Thank you for that. I did find a video that said to go no higher than 12 -15, and we have kept it closer to 10-12, except a little higher for one older doe that is a bit harder to milk. However, we've been having trouble getting it to work as intended, and have temporarily gone back to hand milking. My daughter does most of that, as I have tendinitis, but she's gone more this week, so ....

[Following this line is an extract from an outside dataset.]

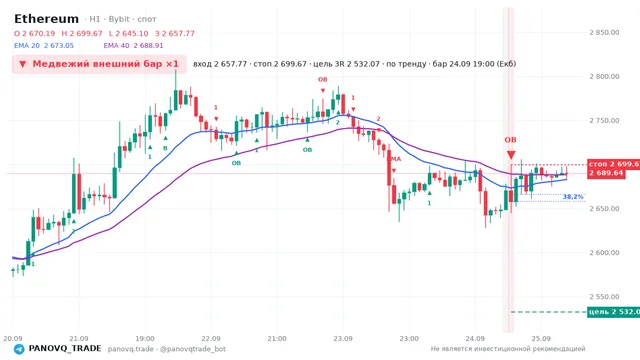 График Ethereum (ETH), таймфрейм 1 час: медвежий внешний бар ×1 24.09.2026 19:00, вход 2657.77, стоп 2699.67. EMA 20/40, сигналы PANOVQ_TRADE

As to the shells and inflations, that explains a lot. Ours are clear and somewhat flexible--plastic? We haven't taken them apart, as it isn't easy and I've gotten the impression that most people nowadays don't do so. Thanks so much.


----------



## Goat Town (Nov 20, 2010)

They sound like clear plastic shells and silicon inflations. I would not take them apart nor would I use an inflation brush on them.


----------



## bbrealey (Nov 3, 2011)

DairyLove said:


> Thank you for that. I did find a video that said to go no higher than 12 -15, and we have kept it closer to 10-12, except a little higher for one older doe that is a bit harder to milk. However, we've been having trouble getting it to work as intended, and have temporarily gone back to hand milking. My daughter does most of that, as I have tendinitis, but she's gone more this week, so ....
> 
> As to the shells and inflations, that explains a lot. Ours are clear and somewhat flexible--plastic? We haven't taken them apart, as it isn't easy and I've gotten the impression that most people nowadays don't do so. Thanks so much.


I've been using One Step cleaning solution which I get from a brewery supply or Amazon. It's what they use to clean micro brewery equipment and works beautifully for my Hamby milking machine. You don't need to rinse your milking machine after using (but I give mine a quick rinse). Try it as it's so much easier than anything else I've tried.


----------